#### PROBLEM TO WORK ON:
Write out each record in full and exactly as given. Skip any pictures.

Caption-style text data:
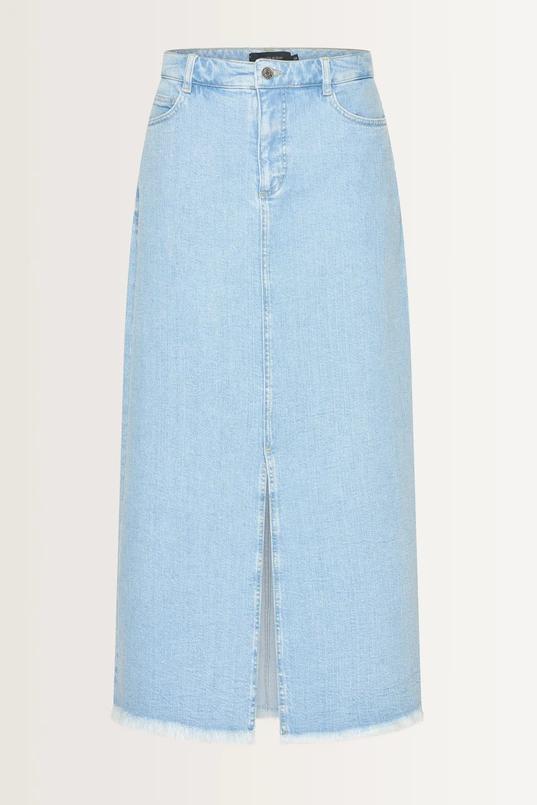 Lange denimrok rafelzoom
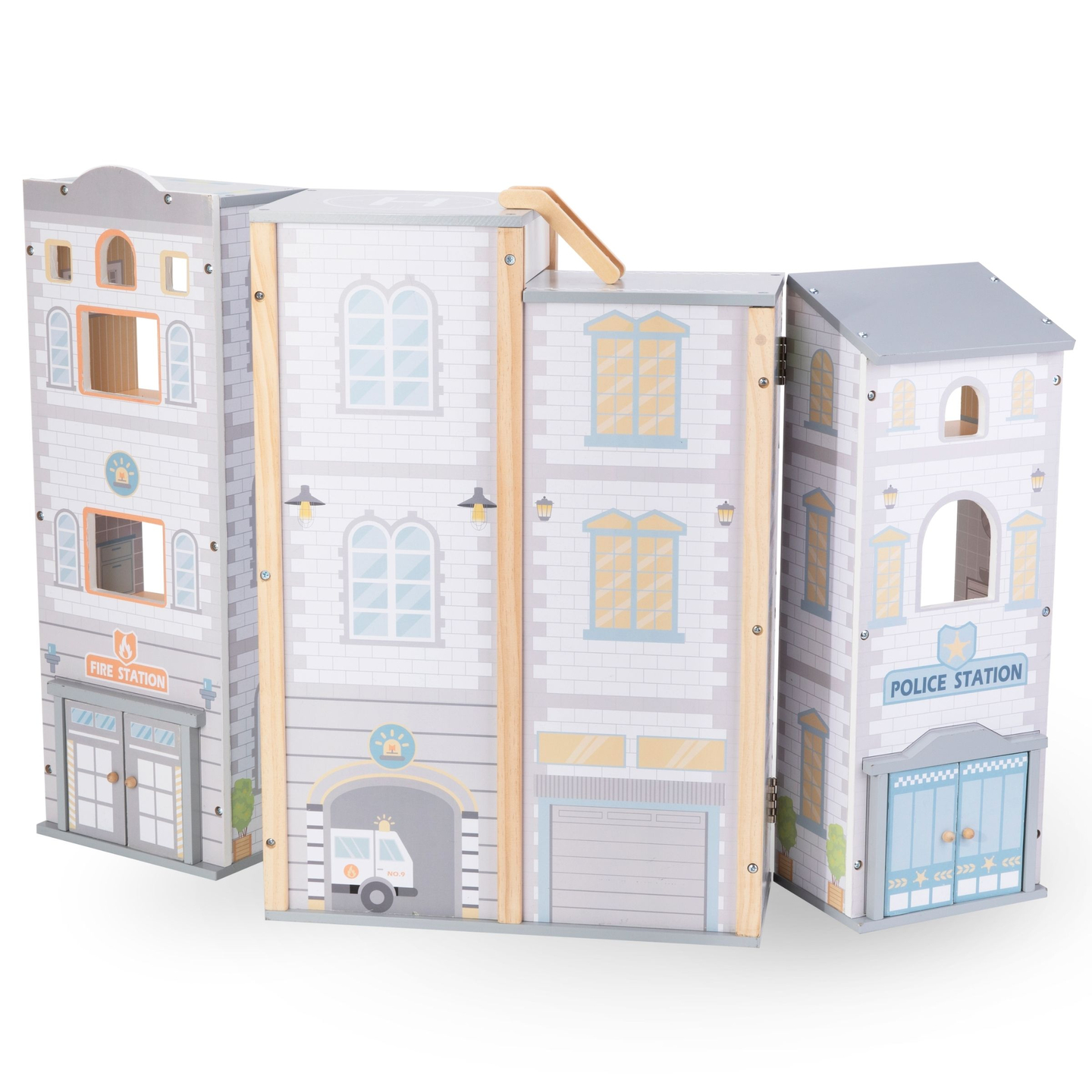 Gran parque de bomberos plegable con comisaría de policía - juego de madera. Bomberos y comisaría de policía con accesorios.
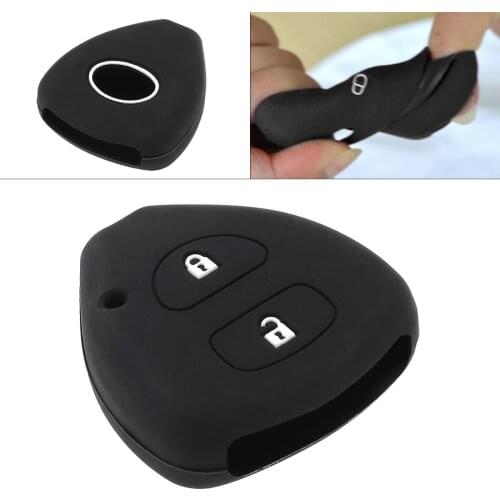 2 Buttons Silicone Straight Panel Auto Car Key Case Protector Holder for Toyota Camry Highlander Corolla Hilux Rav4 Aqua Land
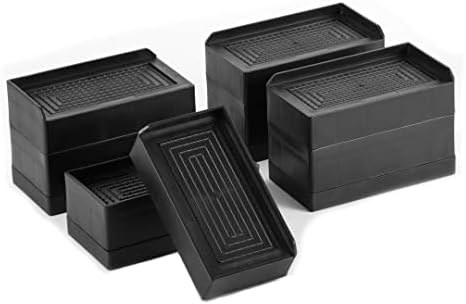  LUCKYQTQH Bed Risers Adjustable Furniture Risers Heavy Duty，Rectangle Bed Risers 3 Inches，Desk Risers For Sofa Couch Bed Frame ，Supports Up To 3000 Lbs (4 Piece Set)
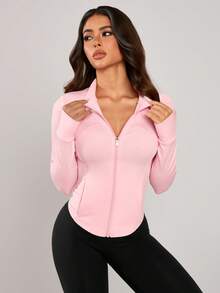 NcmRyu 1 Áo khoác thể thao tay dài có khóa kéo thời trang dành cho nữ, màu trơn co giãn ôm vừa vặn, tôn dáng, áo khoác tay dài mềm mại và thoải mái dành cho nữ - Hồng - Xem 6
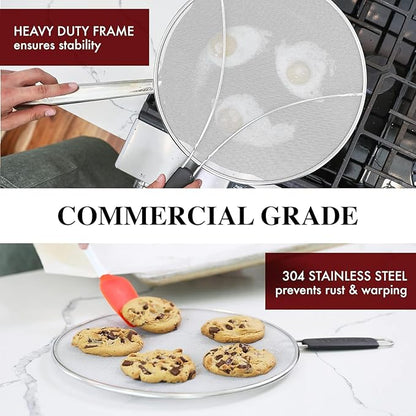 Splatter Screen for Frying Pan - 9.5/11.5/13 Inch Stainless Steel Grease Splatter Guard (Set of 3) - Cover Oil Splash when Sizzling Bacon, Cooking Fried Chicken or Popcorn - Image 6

#### ANSWER SPACE:
 Lange denimrok rafelzoom
 Gran parque de bomberos plegable con comisaría de policía - juego de madera. Bomberos y comisaría de policía con accesorios.
 2 Buttons Silicone Straight Panel Auto Car Key Case Protector Holder for Toyota Camry Highlander Corolla Hilux Rav4 Aqua Land
  LUCKYQTQH Bed Risers Adjustable Furniture Risers Heavy Duty，Rectangle Bed Risers 3 Inches，Desk Risers For Sofa Couch Bed Frame ，Supports Up To 3000 Lbs (4 Piece Set)
 NcmRyu 1 Áo khoác thể thao tay dài có khóa kéo thời trang dành cho nữ, màu trơn co giãn ôm vừa vặn, tôn dáng, áo khoác tay dài mềm mại và thoải mái dành cho nữ - Hồng - Xem 6
 Splatter Screen for Frying Pan - 9.5/11.5/13 Inch Stainless Steel Grease Splatter Guard (Set of 3) - Cover Oil Splash when Sizzling Bacon, Cooking Fried Chicken or Popcorn - Image 6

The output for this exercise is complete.